PROVIDED MATERIAL:
[Start of Attachment]

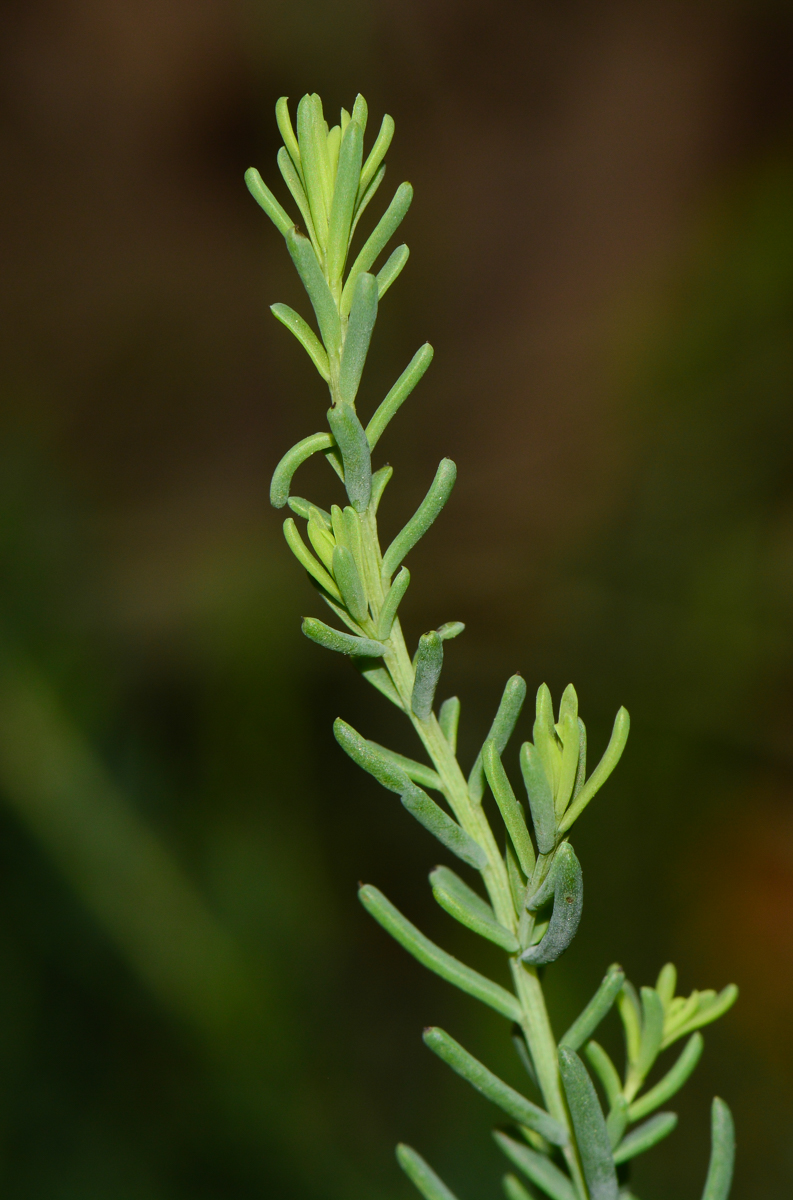 Image of Suaeda vera specimen.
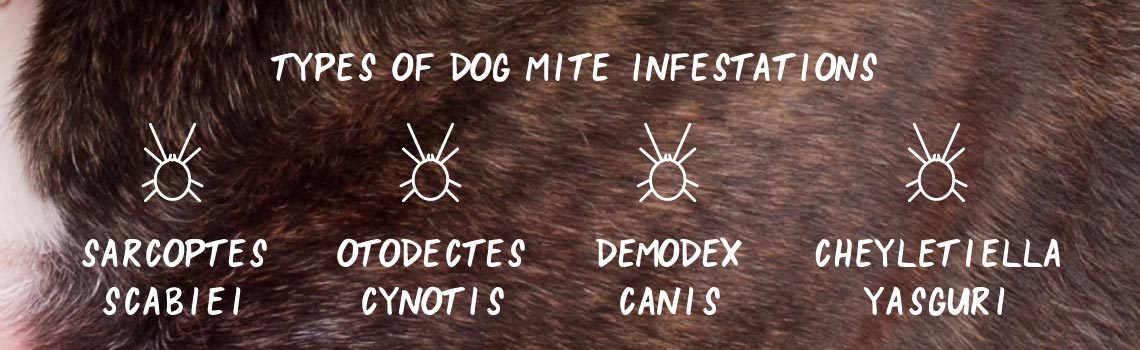 where do dog mites come from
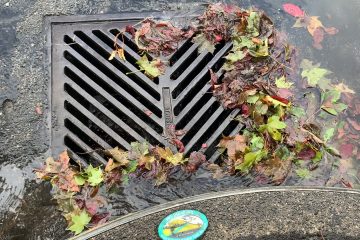 A stormdrain with leaves over the grate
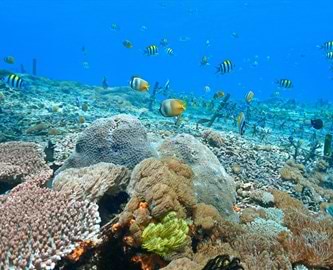 Koraller og fisk i havet ved Nusa Lembongan på Bali Koraller og fisk i havet ved Nusa Lembongan på Bali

[End of Attachment]

PROBLEM REQUIREMENTS: Without including any picture, write out the material above verbatim.

SOLUTION TO THIS PROBLEM:
 Image of Suaeda vera specimen.
 where do dog mites come from
 A stormdrain with leaves over the grate
 Koraller og fisk i havet ved Nusa Lembongan på Bali Koraller og fisk i havet ved Nusa Lembongan på Bali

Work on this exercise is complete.